The locks were built on spec for Princeton over a 15-month process – which ended up driving a whole new product line for the supplier. “Princeton did their due diligence in the selection of a lock,” says Salto senior vice president of commercial sales Mike Mahon. “I have never seen it so thorough.”

Because of the one-card system, Midura and the security team insisted that Salto come up with a keyless lock that could not only read a card via proximity technology, but that also included a built-in keypad for dual validation. “Salto was able to make us a touchpad where the students have to enter a PIN and they have to use the prox card,” Midura says. “That way, if a credential is dropped, nobody else can use it to get in the door, which was one of the most important considerations.”

The massive project involves replacing every dorm room lock with 3,200 of the keyless keypad locks. It is being performed over the course of this summer by Hogan Security, an affiliated Salto dealer and external locksmith for the university.

The locks will not communicate with the Software House system to preserve the privacy of the students – ie., security and campus police will not monitor their comings and goings from individual dorm rooms. However, although they are offline, the locks can still be automatically locked down or unlocked according to a certain schedule or emergency situation. Additionally, the locks can wirelessly report back to the university settings such as battery status or deliver an audit trail of the lock’s recent usage.

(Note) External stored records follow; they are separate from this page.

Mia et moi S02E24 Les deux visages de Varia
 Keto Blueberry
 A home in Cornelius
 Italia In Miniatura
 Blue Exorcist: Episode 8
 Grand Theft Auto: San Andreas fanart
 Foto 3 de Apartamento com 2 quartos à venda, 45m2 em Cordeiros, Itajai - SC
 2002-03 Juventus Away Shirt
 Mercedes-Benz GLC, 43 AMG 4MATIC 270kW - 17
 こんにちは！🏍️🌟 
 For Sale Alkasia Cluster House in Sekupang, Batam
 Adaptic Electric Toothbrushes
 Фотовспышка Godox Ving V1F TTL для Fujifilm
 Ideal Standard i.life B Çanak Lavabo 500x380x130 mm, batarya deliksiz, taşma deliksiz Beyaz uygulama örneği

Inside the dorms and other buildings, Princeton has also recently overhauled its fire alarms with a new system from SimplexGrinnell that enables common area voice alerts and other mass notification capabilities coupled with the Talk-a-Phone emergency communications towers.

Princeton’s Access Control Future
It will take a summer’s worth of effort to deploy the keyless locks in all the Princeton dormitories, along with the emergency communications towers. However, earlier this year Princeton implemented a pilot project targeting 90-plus students’ dorm room doors that got rave reveiws.

“All the feedback that we received has been positive,” Tuccillo says. “One of the biggest remarks is they are glad they don’t have to carry their key around. I think the students appreciate that they don’t have to spend the money for a lock change if they lose their key – it’s only a matter of reprogramming the card.”

Despite the fact that the locks have yet to be used by the majority of the student body, Midura can see a future where the locks can be found in on more doors. “The keyless locks can be implemented as a third layer of protection,” Midura says. “A lot of the rooms in academic and administrative buildings where we used to have keys — such as a lab, or IT rooms and mechanical rooms — are going to move to these keyless locks.”